Working on a mapping project of mine, I wanted to add normalization functionality. For instance, ranking each county in the US by cut bins (say, into quintile classes) is misleading because not each county covers the same about of area. Thus, it is more apt when mapping these rankings to each enumeration unit (county) to standardize/normalize the value by dividing the value by area. Then you rank these "per area" density values. This will produce something like "persons per square kilometer" instead of just "persons per county". The latter is more likely going to have more persons, if it is a larger county, just by nature of the size of the county.
Since I'm using the maps package, I want to stick with what it has available. This has proven to be harder than anticipated.
First, you can run this function to obtain the data for any year. We'll work with 2010
Code:
# These are for later processing
library(maps)
library(mapproj)
importBLS <-
# Import county unemployment data from the BLS FTP site
#
# Arguments:
# year - Integer or character. Long-format (yyyy) year value. Valid for years 1990 to 2010.
# ... - additional arguments passed to read.fwf/read.table
#
# Returns:
# A data.frame containing cleaned up BLS data
function(year, ...) {
# Validation on year input
isValid <- year %in% paste(1990:2010)
if (!isValid)
stop("Year not supported.")
# Initalize variables to be used on import
year <- substr(year, 3, 4) # Files identified by last 2 digits
infile <- paste("ftp://ftp.bls.gov/pub/special.requests/la/laucnty", year, ".txt", sep = "")

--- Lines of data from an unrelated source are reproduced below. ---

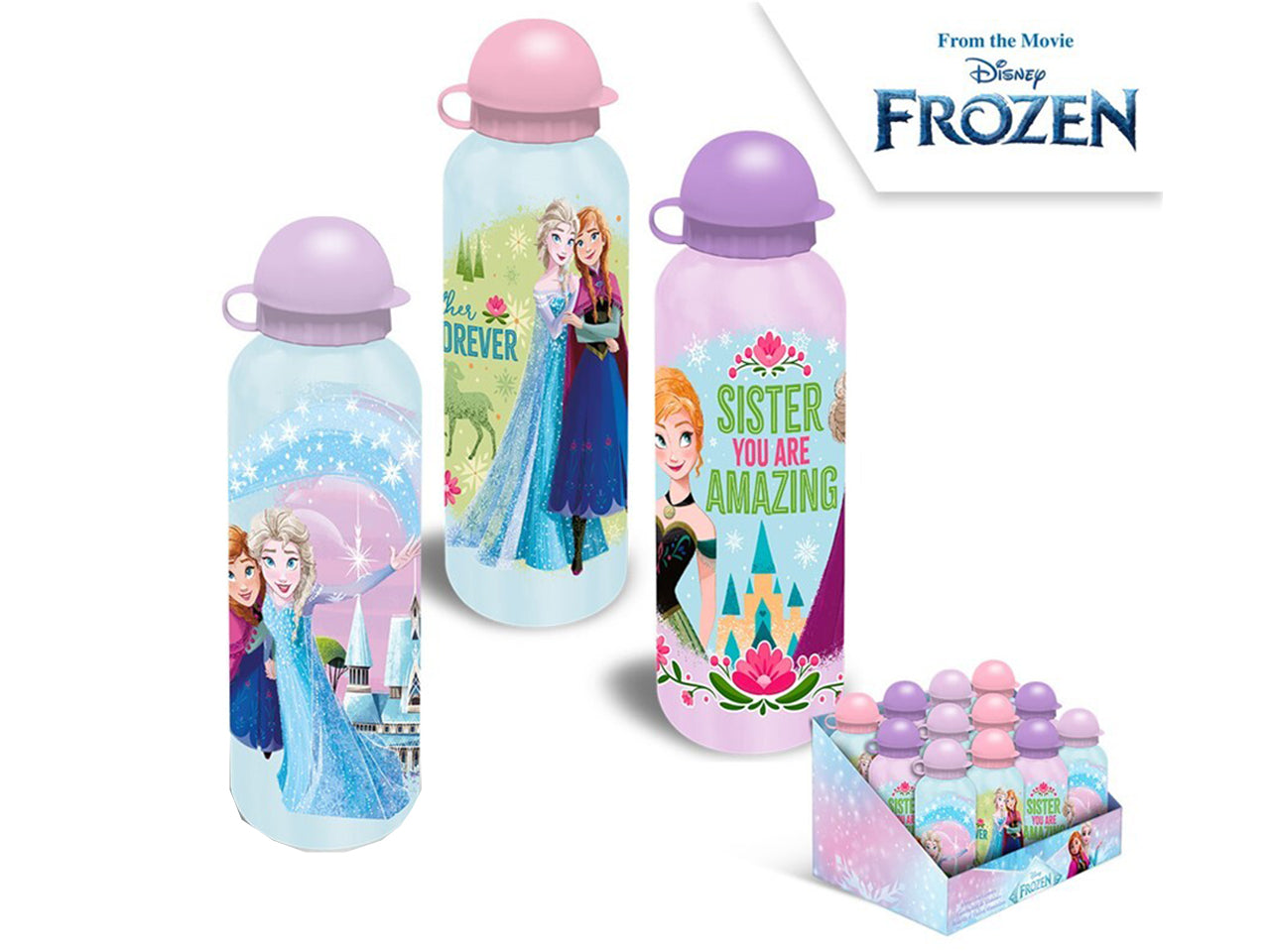 Frozen borraccia in alluminio 500ml in 3 modelli assortiti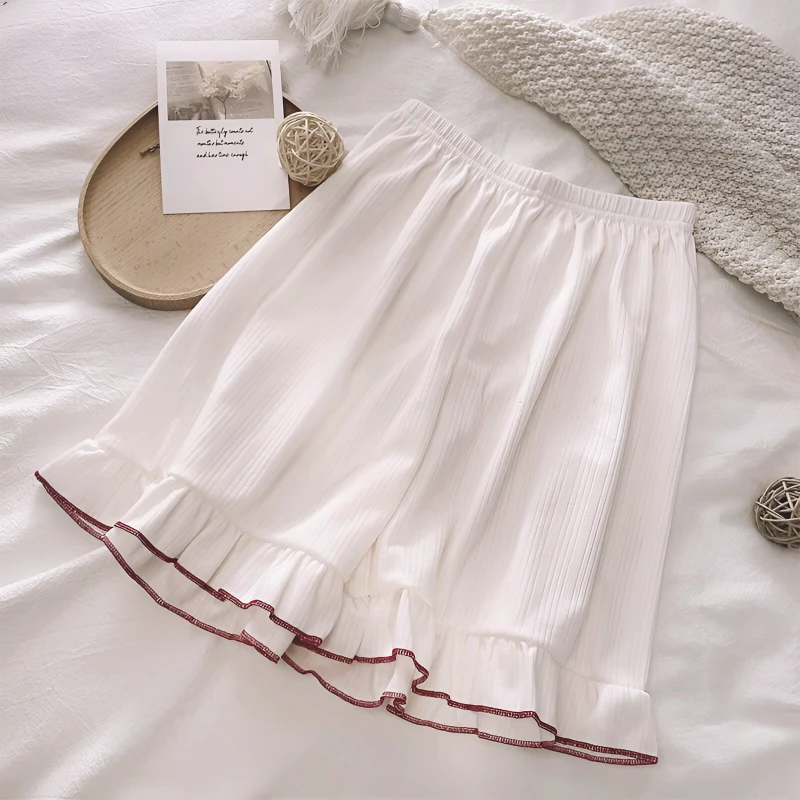 The Summer Pajamas Women's Thin Section Cool Feeling Cotton Sleepwear Suit with Square Collar Sleeveless Sling Shorts Loungewear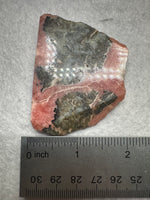 Natural Rhodochrosite Slab #15 – Rosy Pink Mineral Specimen with Dramatic Dark Matrix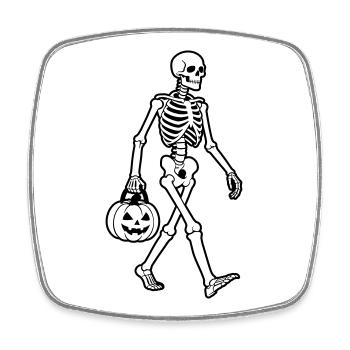 Skelett-Halloween - Viereckiger Kühlschrankmagnet - Weiß - Vorne
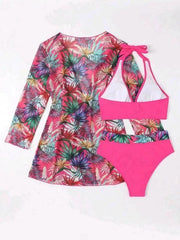 sexy bikini push-up split printed mesh three-piece set - 808Lush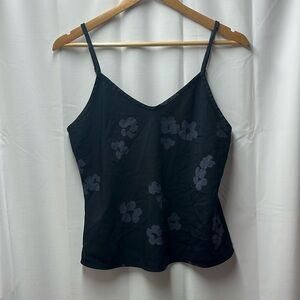 Everlane Black Gray Flower Minimal Sleeveless Tank Top- 4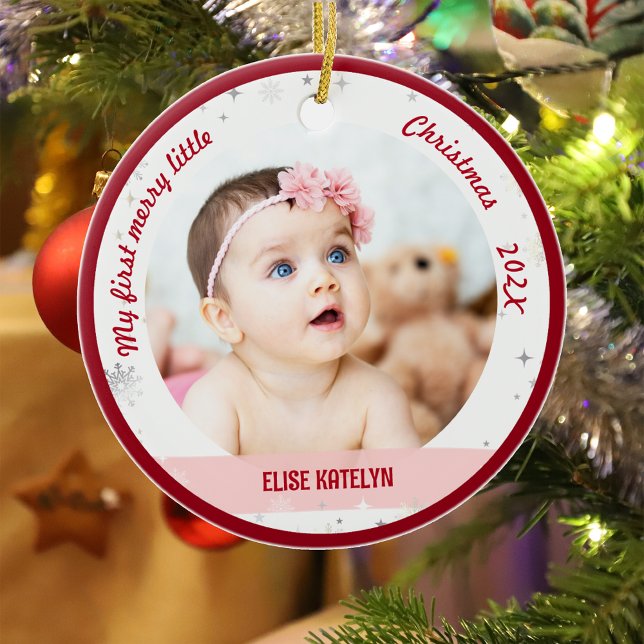 New Baby 2 Photos My First Merry Little Christmas Ceramic Ornament (Modern Elegant Cute My First Merry Little Christmas Baby Girl 2 Photos Snowflakes Minimalist Red)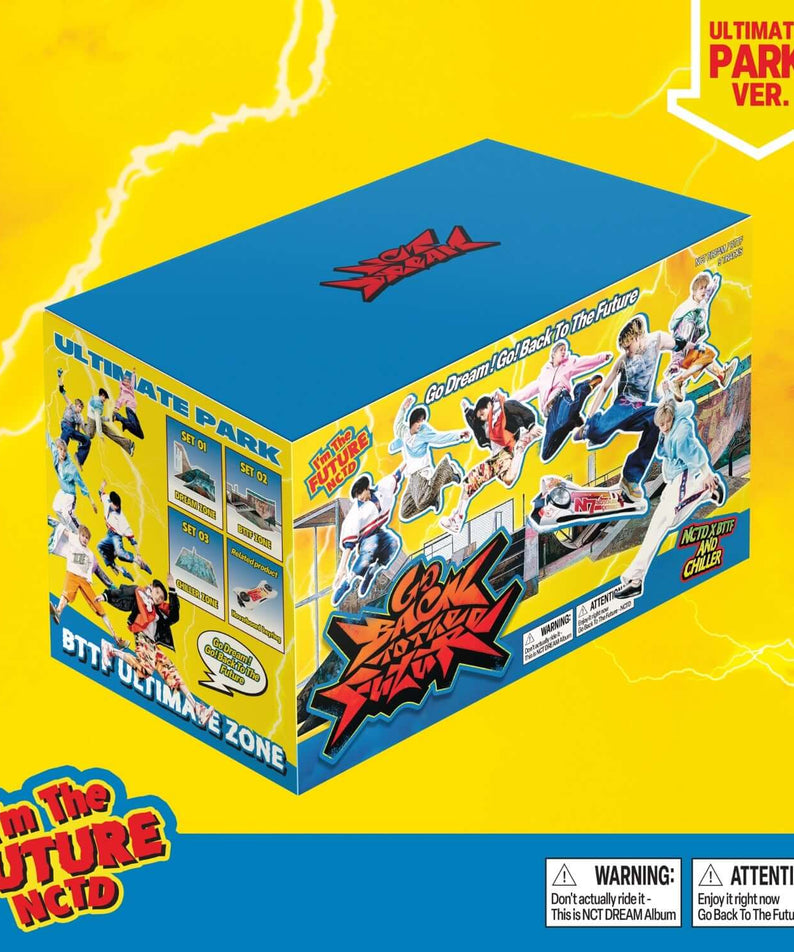 NCT DREAM - [Go Back To The Future] (Ultimate Park Ver.) - Album Kpop, packaging en visuel parc futuriste jaune, marque NCT DREAM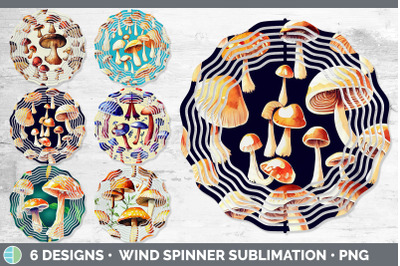 Mushrooms Painted Wind Spinner | Sublimation Designs Bundle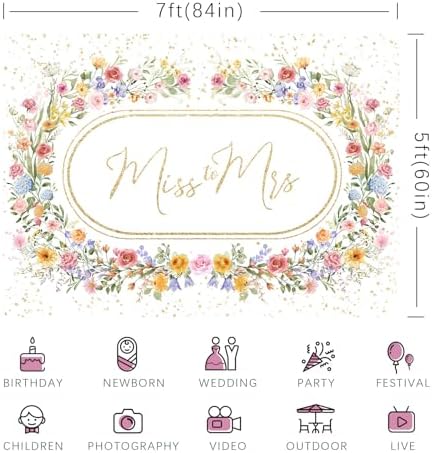 Miss to Mrs Floral Bridal Shower Backdrop 7x5ft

WIDTHS <- c(8, 5, 8, 53, 4, 14, 13, 11, 9)
CLASSES <- c("factor", rep("character", 3), "factor", rep("character", 4))
FIELDS <- c("series_id", "sFIPS", "cFIPS", "name", "year", "labor", "emp", "unemp", "unrate")

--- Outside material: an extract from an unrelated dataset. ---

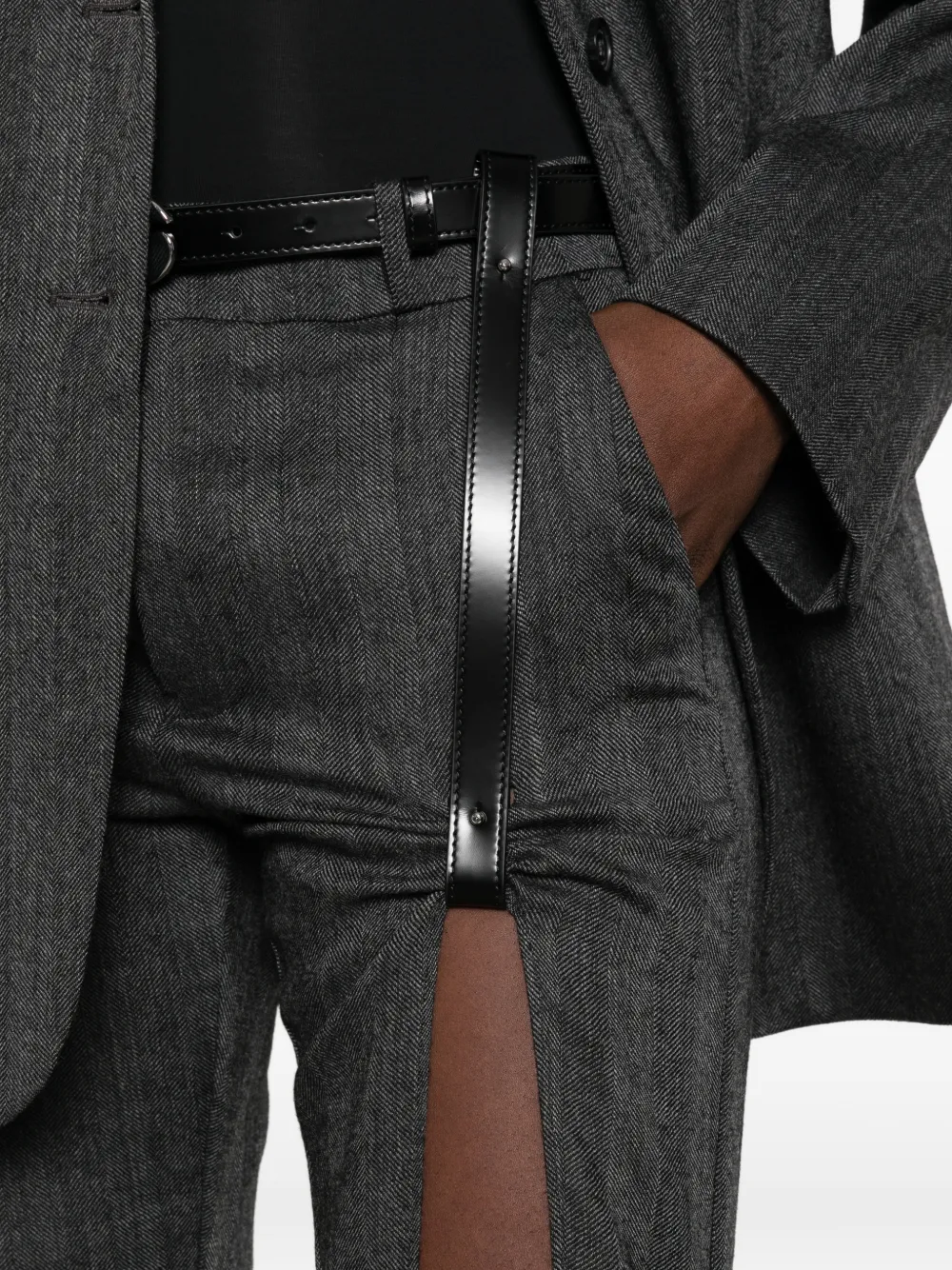 Coperni herringbone-pattern wool trousers Grijs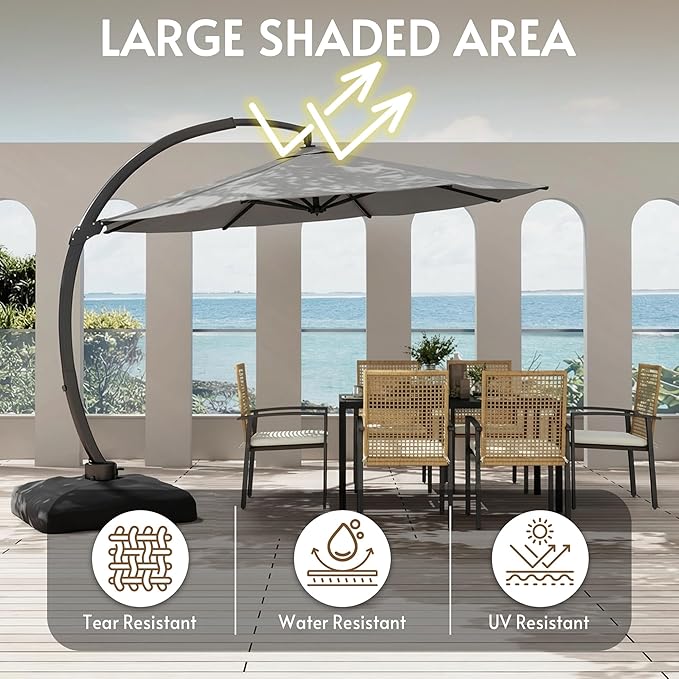 11FT Cantilever Patio Umbrella with Base Included, Large Cantilever umbrella with 360°Rotation, Heavy-Duty Offset Outdoor Umbrella for Patio,Pool,Garden and Backyard (Gray)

# Import data from FTP into data frame
x <- read.fwf(url(infile), skip = 6, strip.white = TRUE, ...,
col.names = FIELDS, colClasses = CLASSES , widths = WIDTHS)
# Clean up imported data
x <- transform(x,
fips = as.numeric(paste(sFIPS, cFIPS, sep = "")),
labor = as.numeric(gsub(",", "", labor)), # Remove formatted strings that include ","
emp = as.numeric(gsub(",", "", emp)),
unemp = as.numeric(gsub(",", "", unemp)),
unrate = as.numeric(unrate)
); # end transform
return(x)
} # end function
df <- importBLS(2010)
Now that you have the data, we'll need a couple of things. First, we'll need a county map object (for boundary polygons) and the county lookup table.
Code:
data(county.fips)
cnty <- na.omit(county.fips) # record 2395 is NA in FIPS "south dakota,x"

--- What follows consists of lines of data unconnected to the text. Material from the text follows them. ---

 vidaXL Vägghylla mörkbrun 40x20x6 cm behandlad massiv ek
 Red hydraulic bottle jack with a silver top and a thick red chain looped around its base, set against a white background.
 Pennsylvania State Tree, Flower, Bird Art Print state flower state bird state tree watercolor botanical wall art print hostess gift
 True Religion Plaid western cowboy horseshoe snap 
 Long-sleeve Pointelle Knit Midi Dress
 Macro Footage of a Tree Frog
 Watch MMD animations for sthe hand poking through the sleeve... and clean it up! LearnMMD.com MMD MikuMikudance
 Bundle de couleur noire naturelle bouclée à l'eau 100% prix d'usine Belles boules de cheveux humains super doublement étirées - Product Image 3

m <- map('county', fill = TRUE, plot = FALSE, projection = 'bonne', param = 39)
We can use this to obtain areas for every county
Code:
cnty <- transform(cnty, area = area.map(m, polyname, exact = TRUE))
The problem now is this: we have area for every county listed by fips. The fips match those fips in df. However, we have 10 extra fips in cnty than we do in for matching fips in df. Why? Because we have counties split. You'll find names like 'state,county:subregion' instead of just 'state,county'.
I need to somehow aggregate these subregions into a 'state,county' form (really, only the fips matters since that's what links it to the data). If I can do that, I can merge cnty to df, transform df to include a density column (= unrate / area, say). Then I can run my mapping function on the density field, as desired.
I'm at a loss at the moment on how to approach this aggregation. If you want to know which records are of interest, they are these:
Edit: The only logic I can think of at the moment is this:
For each polyname that includes a ":" aggregate based on what is to the left of ":" by summing their areas. Return only what is to the left of ":". How do I make that into an R function I can operate on this data frame?
Such clarity. I should spend more time on the throne.
The problem with the solution I was anticipating is that I perceived it as being involved with aggregation. Instead, I need to take a step to transform 'cnty' by replacing its elements (if they have an ":" at all) with what is to the left of the separator. Thus, I'll have polynames with some being identical. Then I merely do a standard aggregation call to summation. This should be sufficient!